His death provoked a huge outcry.
He was pushed to suicide by security police after he was wrongly accused of being an ANC collaborator. His funeral was attended by thousands of black workers, who followed his coffin through the streets of Johannesburg. Author and novelist, Beverley Naidoo, delves into the life of this formidable man and pays tribute to him through an in-depth biography with interviews, diary entries, newspaper clippings and photographs.
Little has been written about white anti-Apartheid activists who worked in the emerging black and non-racial trade union movements. Death of an Idealist is a diligent and enthralling story, to which Naidoo, Aggett's cousin, gives warmth and intimacy even though she did not know Aggett personally.
She explores the transformation of a high-achieving, sports-loving schoolboy, who attended Kingswood College, to a non-materialistic, quiet and intense man who died too young. She focuses on the years leading up to his detention, the week of interrogation and the inquest into his death.
George Bizos, Nelson Mandela’s lawyer and friend, who led the Aggett’s legal team, wrote the book's foreword.
Many, including politician Dr Mamphela Ramphele, have praised the book.
“This is a beautifully written book that weaves a rich tapestry of the interplay between the personal, professional and political. Our country is seriously in need of a dose of idealism to remind [us]of the passions and energy that drove us to confront and subdue a brutal regime,” she wrote.
“Mercifully free of liberation movement martyrology, Death of an Idealist makes a serious effort to engage with Aggett the man,” reads a review by the Mail & Guardian.

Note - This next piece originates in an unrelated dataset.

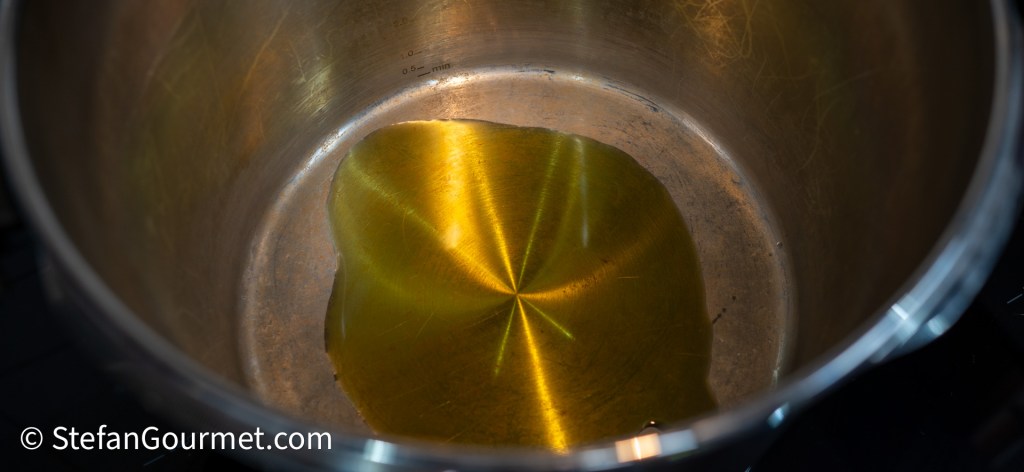 A close-up view of a shiny stainless steel pot with a small amount of golden cooking oil at the bottom.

Naidoo gave us a gift by turning Aggett's story into a beautifully written biography.
The Neil Aggett Labour Studies Unit (NALSU) was established in 2012, at the Rhodes University Institute of Social and Economic Research (ISER).
The naming ceremony of NALSU and the Neil Aggett House takes place on Friday 4 April.
My feeling was that I saw the changes in South Africa were necessary, and it was important that I contribute to these changes. I felt that the most positive area where I could be effective was in the trade unions, because here you were actually changing concrete conditions of existence and not just talking rhetorical politics.